Implementation of the paper "Full Page Handwriting Recognition via Image to Sequence Extraction" by Singh et al. (2021) (Arxiv link).
NOTE: I have not been able to reproduce the results from the original paper on full pages. Even though I succesfully managed to train models for word and line images, training on full-page images always leads to overfitting in all configurations I tried thus far. I have followed the implementation details from the paper as closely as possible (including the synthetic data augmentation scheme to create additional data, explained below), but no configuration has lead to a word error rate below 95% on the validation set. I might try doing some more hyperparameter tuning in the future to try and improve performance, but nothing has shown promise so far.
In the current implementation, the IAM dataset is used for training the model. Download the dataset here (requires creating an account).
After downloading IAM, install the requirements:
pip install -r requirements.txt
Now run the main script to train a model, e.g.
python src/main.py --data_dir /path/to/IAM \
--data_format form \
--max_epochs 3 \
--synthetic_augmentation_proba 0.4 \
--precision 16 \
--use_aachen_splits \
--use_cpu \
NOTE: running this model on full page images can quickly lead to out-of-memory errors, since unprocessed form images from IAM can be up to 2479x3542 in size -- much larger than your average neural network images. Consider reducing the batch size to a low value to make training more managable, and perhaps use gradient accumulation to compensate for the low batch size (can be specified as an argument).

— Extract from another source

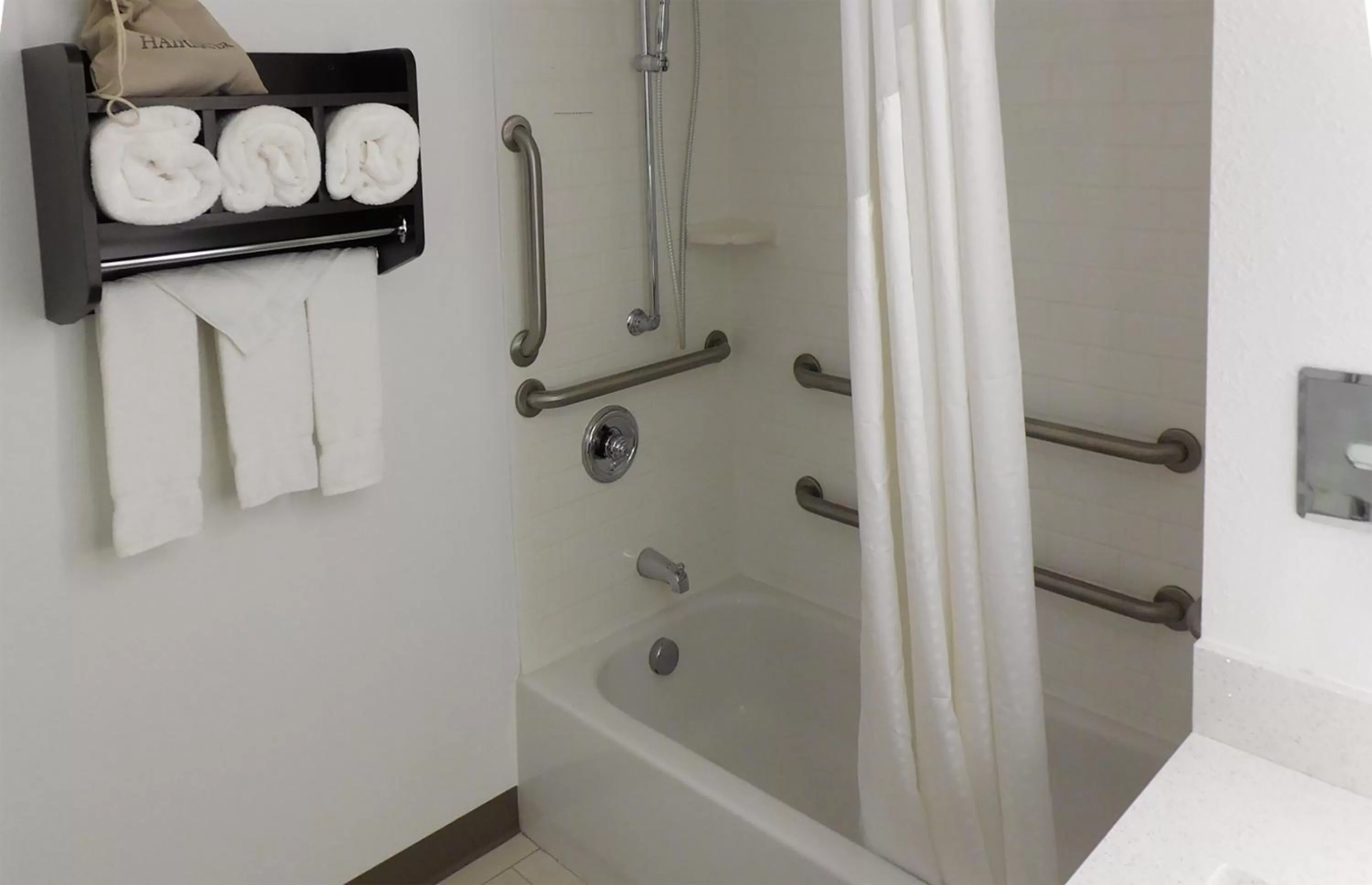 Bathroom in Holiday Inn Express - Coventry S - West Warwick Area by IHG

Besides training on form images from the IAM dataset, the model can alternatively be
trained on line or word images, which are included in the IAM dataset. This makes
training (or even loading) a model easier, since these images are much smaller. Specify
this using the --data_format {form,line,word}
flag.
To run inference on a trained model using your own images, use the following command:
python src/inference.py --img_path /path/to/img --model_path /path/to/model --data_format {word,line,form}
This means the model at --model_path
will be loaded and applied to the image at
--img_path
. The --data_format
argument is determined by the data format you used to
train your model.
For more command line options, see main.py
, or run python main.py -h
for a list of
all options.
During training, different metrics are logged to Tensorboard, as well as intermediate
predictions on a fixed batch of data. These are stored in the lightning_logs
folder.
To view the Tensorboard logs, run the following from the root directory:
tensorboard --logdir lightning_logs
This will provide a localhost link to the Tensorboard dashboard.

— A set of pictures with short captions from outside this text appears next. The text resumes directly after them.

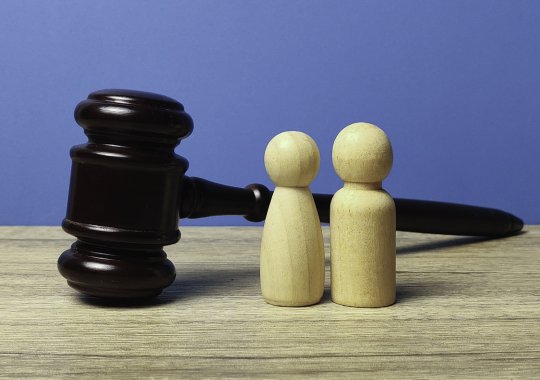 Продаж житла в спільному власності: права незареєстрованих партнерів, ризики та судові суперечки.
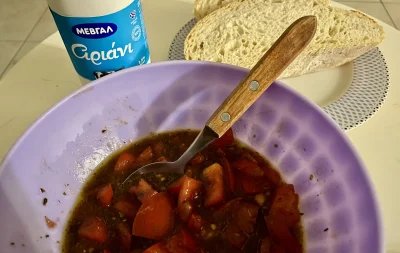 asdfghjkl - Pomidory jak zwykle, chlyp, ajran na popitkę #jedzzwykopem #kolacja #stra...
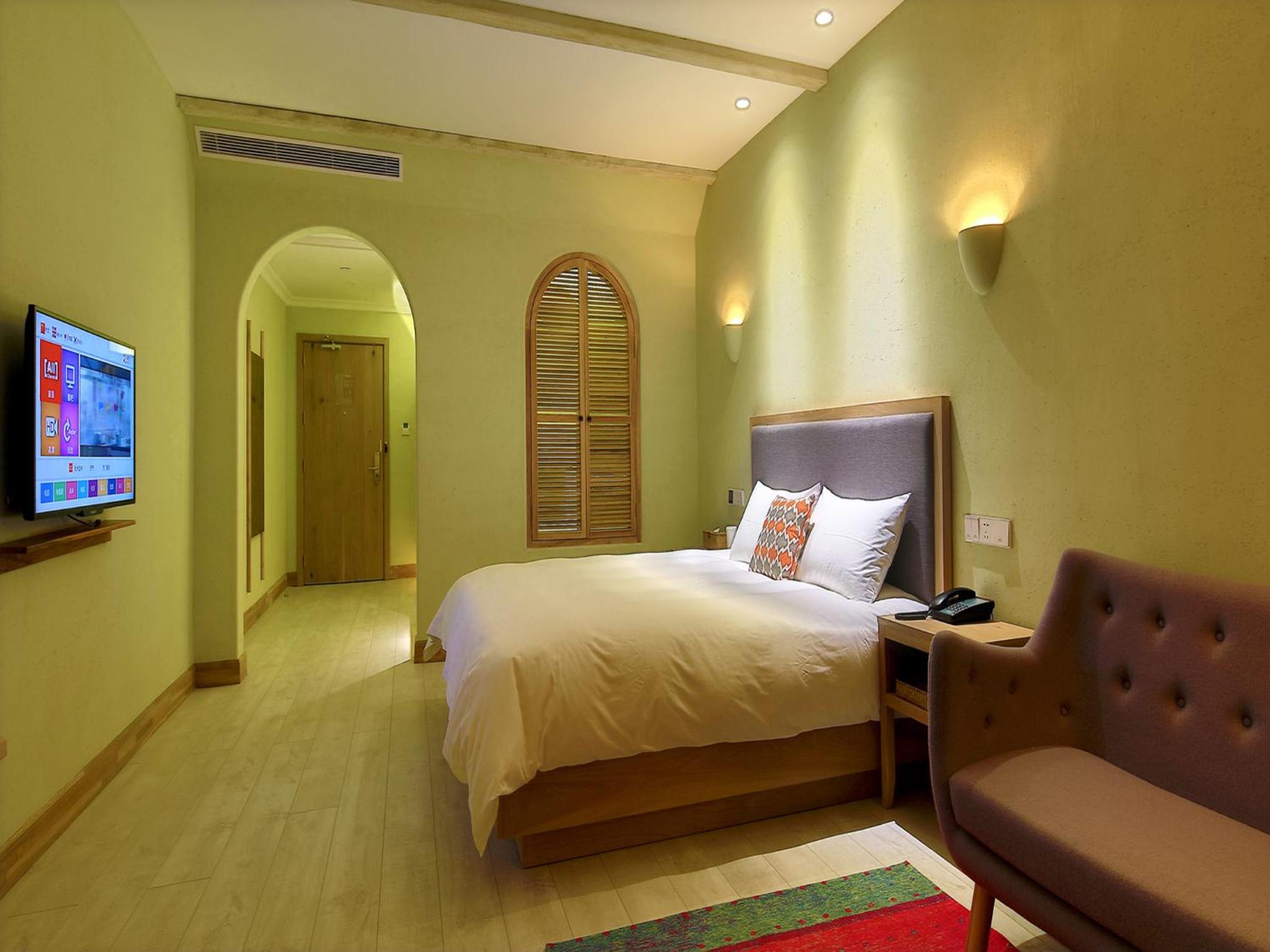 Queen Room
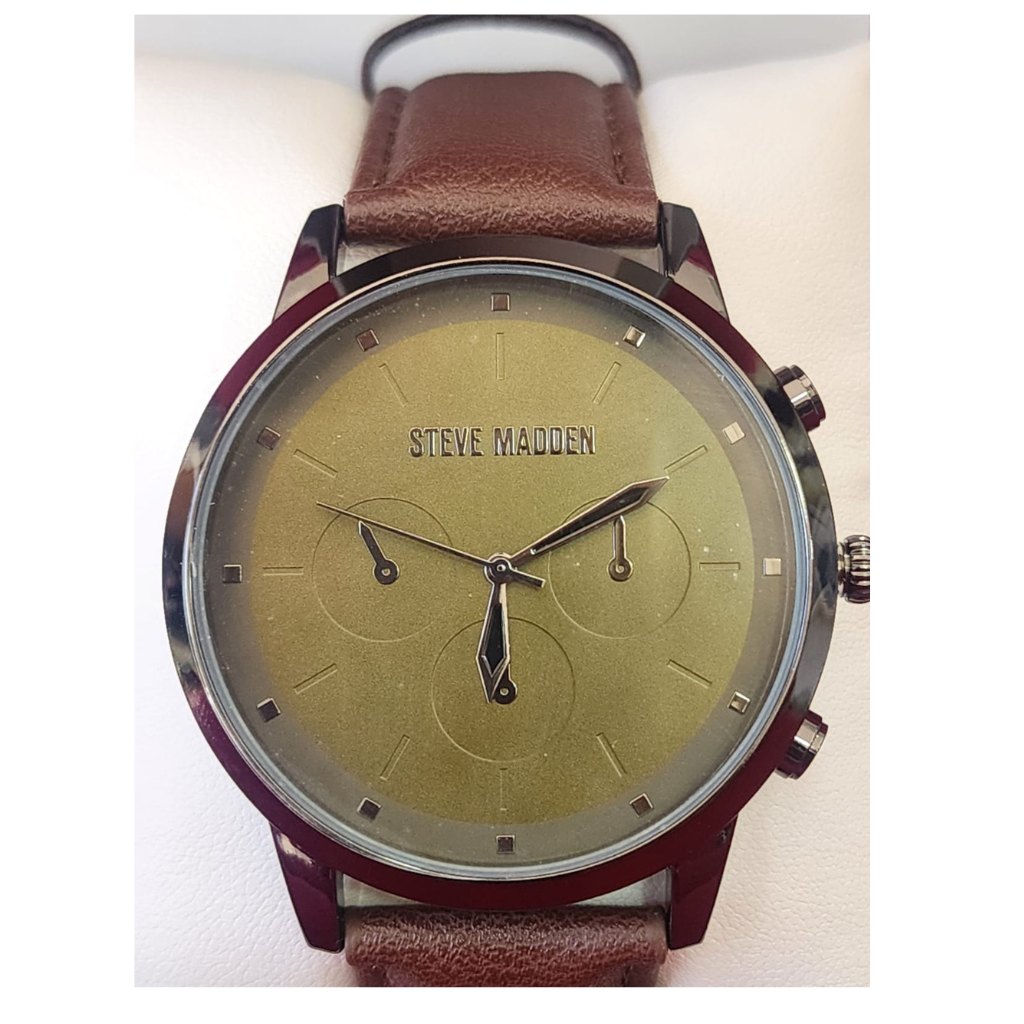 Reloj Steve Madden Hombre Café con Esfera Dorada Diseño Clásico Elegante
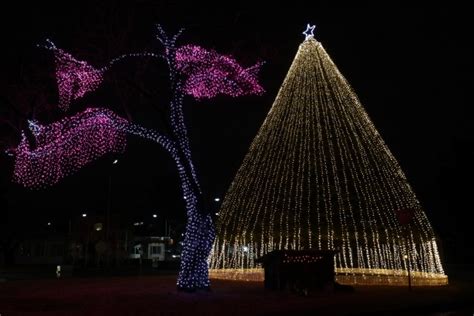 Camp Zama and Sagamihara Family Housing Area alight with holiday spirit ...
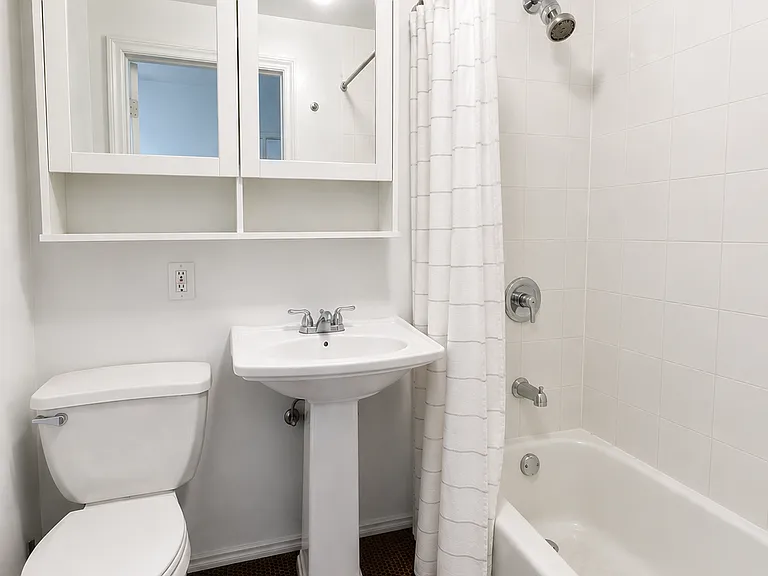 372 Jefferson Ave #1 — Photo 6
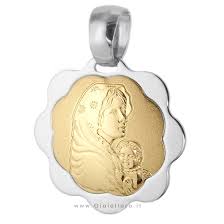 Radio maria è un dono di maria che ha fruttificato in italia e si è esteso nei cinque continenti. Medaglia Madonna Di Pompei In Oro Giallo 16 Mm Gioielloro It La Tua Gioiell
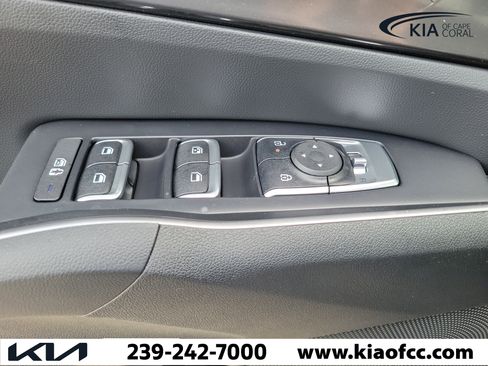 New 2026 Kia Sorento LX FWD image 22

Additionally, this repo includes an implementation of the synthetic data augmentation
scheme used in the paper, namely combining random spans of words from IAM to create new
line or form images. Below is an example of a generated form image (for more examples,
check out the notebook synthetic_data_augmentation.ipynb
).
This synthetic data augmentation can be included in training by setting
the --synthetic_augmentation_proba
flag, which indicates the probability of applying
the synthetic data augmentation. For example, setting
--synthetic_augmentation_proba 0.3
means that on average, 30% of every batch will
consist of synthetic data.
The table below provides preliminary results for line images on the IAM validation set, without any hyperparameter finetuning. Note that synth. aug. indicates the use of synthetic data augmentation.
Model | CER | WER |
---|---|---|
FPHTR Resnet18 | 28.9% | 38.4% |
FPHTR Resnet18 + synth. aug. | 9.0% | 16.5% |
FPHTR Resnet34 + synth. aug. | 8.8% | 14.0% |
Again, these numbers are without any kind of hyperparameter optimization, so they most likely do not represent the best possible performance.